On Thu, Oct 28, 2021 at 10:24 AM Sam Sneddon via webkit-dev <webkit-dev@lists.webkit.org> wrote:
As part of the ongoing work on GPU Process, we’re interested in adding support for reftest fuzzy matching (i.e., allowing a certain amount of tolerance when comparing the generated images).

Our intention is to match the semantics of WPT’s reftests (https://web-platform-tests.org/writing-tests/reftests.html#fuzzy-matching):
<meta name=fuzzy content="maxDifference=15;totalPixels=300">
There are cases where we’ll want to apply these to the tests unconditionally, for example where varying behaviour is expected across ports (such as anti-aliasing differences), and in these cases for WPT tests these annotations should probably be exported upstream.

The current plan, and work is underway to do this, is to support this syntax via parsing the HTML in Python when there is a hash mismatch, which should minimise the performance impact versus always reading this metadata.

However, this doesn’t entirely suffice. There are cases where we might want to allow more tolerance on one platform or another, or vary based on GPU model or driver. As such, this requires not only platform specific metadata (i.e., similar to that which we have in TestExpectations files today), but also expectations with finer granularity.

Are we sure we really need that? What are examples of tests that do warrant such a mechanism?

Generally, we want to keep our testing infrastructure as simple as possible.

One option is to extend the meta content to encode conditional variants, though this doesn’t work for WPT tests (unless we get buy-in to upstream these annotations into the upstream repo, though that might be desirable for the sake of results on wpt.fyi). We would need to be confident that this wouldn’t become unwieldy however; we wouldn’t want to end up with something like (if:port=Apple)maxDifference=1;totalPixels=10,(if:platform=iOS)maxDifference=10;totalPixels=20,(if:port=GTK)maxDifference=10;totalPixels=300.

Another option is to extend TestExpectations to store more specific data (though again this might become unwieldy, as we’re unlikely to add new “platforms” based on every variable we might want to distinguish results on). This also means the metadata is far away from the test itself, and the TestExpectations files would continue to grow even further (and we already have 34k lines of TestExpectations data!). TestExpectations is also a rather horrible file format to modify the parser of.

I'm fine with either of the above options but I don't think we should introduce this kind of micro syntax if we're going with meta.

We should probably specify a platform in a different attribute altogether. e.g.
<meta name="fuzzy" content="platforms=mac-bigsur; maxDifference=15; totalPixels=300">

I like this suggestion; WPT already allows multiple <meta name="fuzzy"> because you can specify a per-reference fuzzy value:

There is also test-options.json which has most of the same downsides as TestExpectations, albeit without the pain in modifying the parser.

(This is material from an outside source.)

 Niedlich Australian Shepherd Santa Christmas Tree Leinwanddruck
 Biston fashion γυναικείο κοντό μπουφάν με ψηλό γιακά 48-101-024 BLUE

Finally, we could add per-test or per-directory files alongside the tests. (Due to how things work, these could presumably also be in directories in platform/.) This I think is probably the best option as it keeps the metadata near the test, without needing to modify the test (which, per above, is problematic for WPT as we move to automatically exporting changes). One could imagine either a __dir__-metadata.json (to use a similar name to how WPT names directory-level metadata files) or a -expected-fuzzy.json file alongside each test.

Both of these two options seem worse than either encoding in the test or putting in the test expectations. They invent a brand new mechanism to store metadata for tests. We don't want to introduce yet another file / mechanism people need to be aware of.